> BRIEF
The records that follow should be returned exactly, pictures excluded.

Records from a data collection:
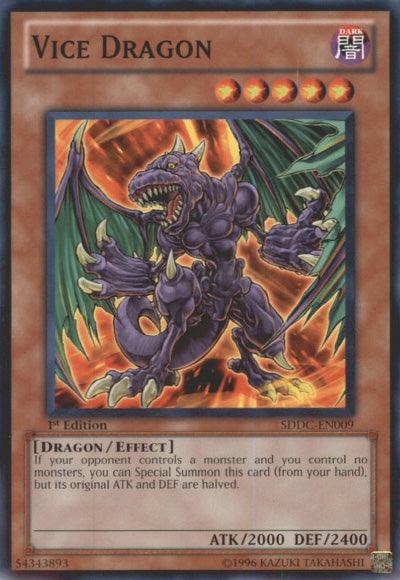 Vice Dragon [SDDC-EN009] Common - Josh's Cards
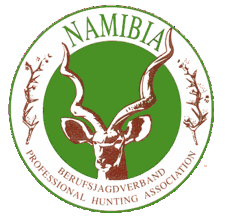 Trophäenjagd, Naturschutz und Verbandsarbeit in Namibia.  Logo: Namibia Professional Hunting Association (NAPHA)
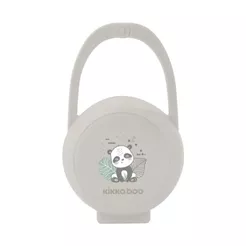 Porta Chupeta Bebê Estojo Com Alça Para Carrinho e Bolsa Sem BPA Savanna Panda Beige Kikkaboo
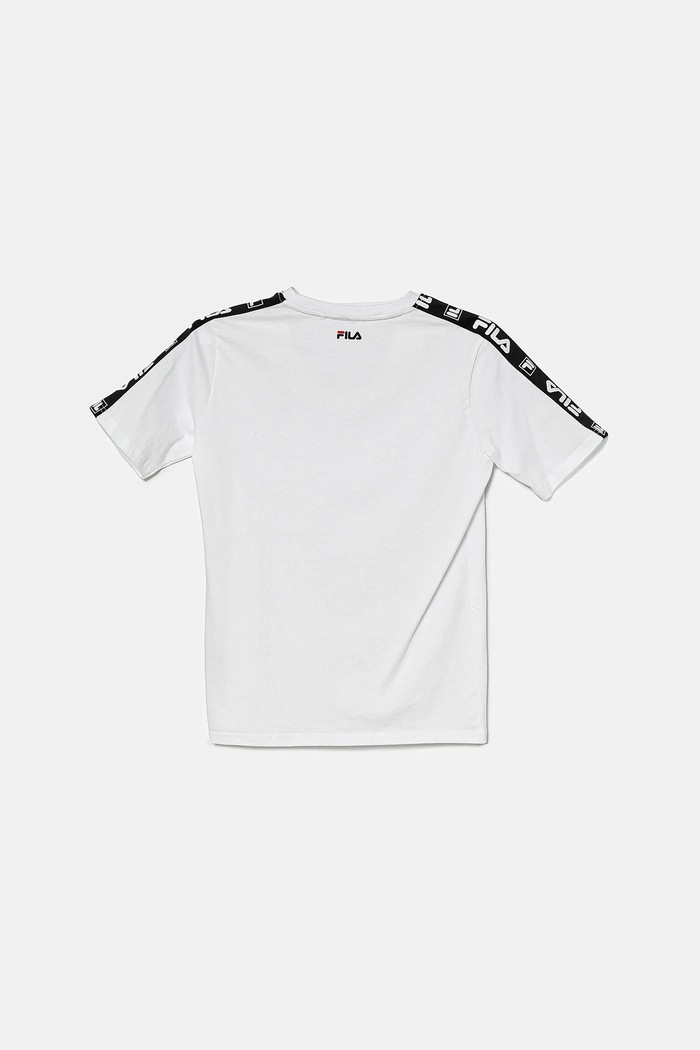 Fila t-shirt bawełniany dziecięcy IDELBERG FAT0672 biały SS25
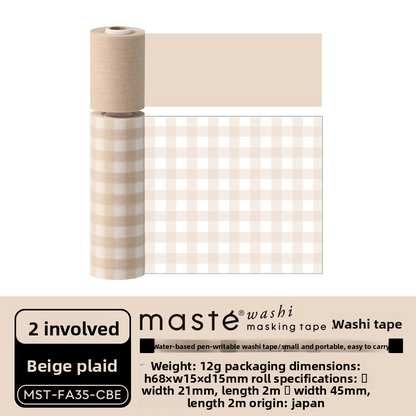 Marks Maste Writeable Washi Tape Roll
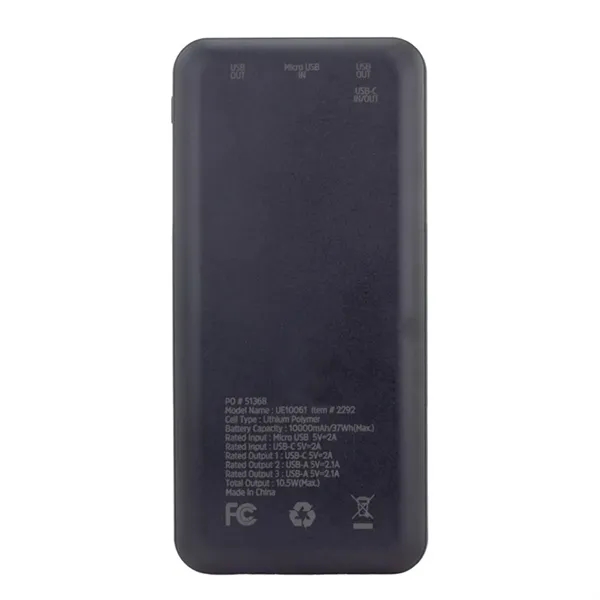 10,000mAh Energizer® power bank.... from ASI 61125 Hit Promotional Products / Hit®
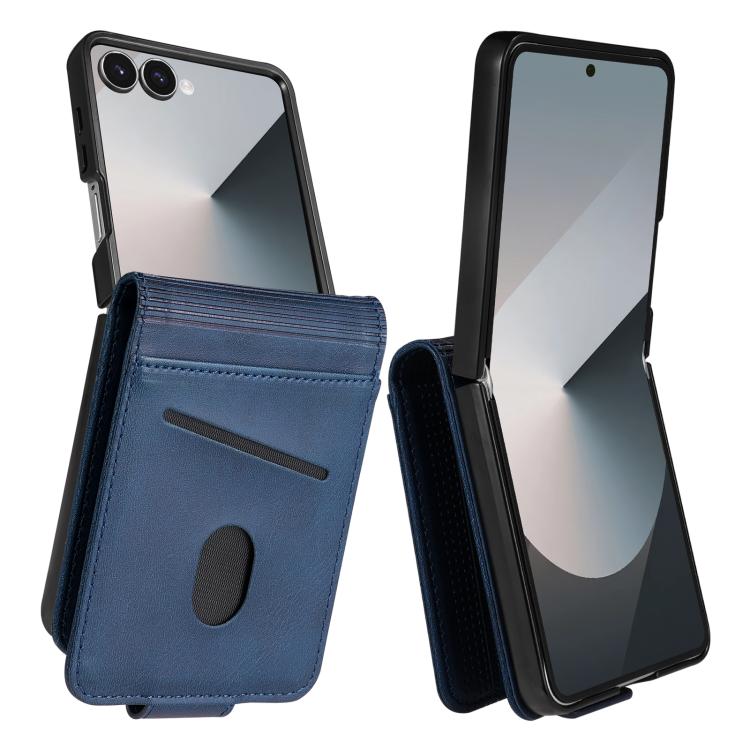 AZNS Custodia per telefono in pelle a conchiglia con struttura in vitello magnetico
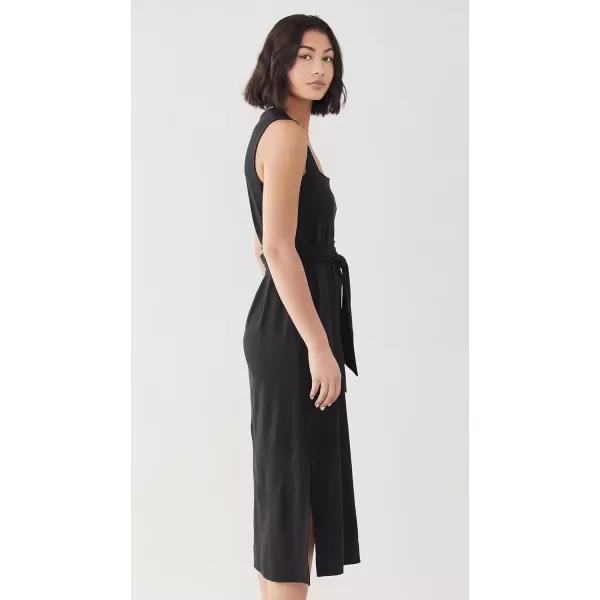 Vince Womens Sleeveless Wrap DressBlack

> ANSWER TO THIS TASK
 Vice Dragon [SDDC-EN009] Common - Josh's Cards
 Trophäenjagd, Naturschutz und Verbandsarbeit in Namibia.  Logo: Namibia Professional Hunting Association (NAPHA)
 Porta Chupeta Bebê Estojo Com Alça Para Carrinho e Bolsa Sem BPA Savanna Panda Beige Kikkaboo
 Fila t-shirt bawełniany dziecięcy IDELBERG FAT0672 biały SS25
 Marks Maste Writeable Washi Tape Roll
 10,000mAh Energizer® power bank.... from ASI 61125 Hit Promotional Products / Hit®
 AZNS Custodia per telefono in pelle a conchiglia con struttura in vitello magnetico
 Vince Womens Sleeveless Wrap DressBlack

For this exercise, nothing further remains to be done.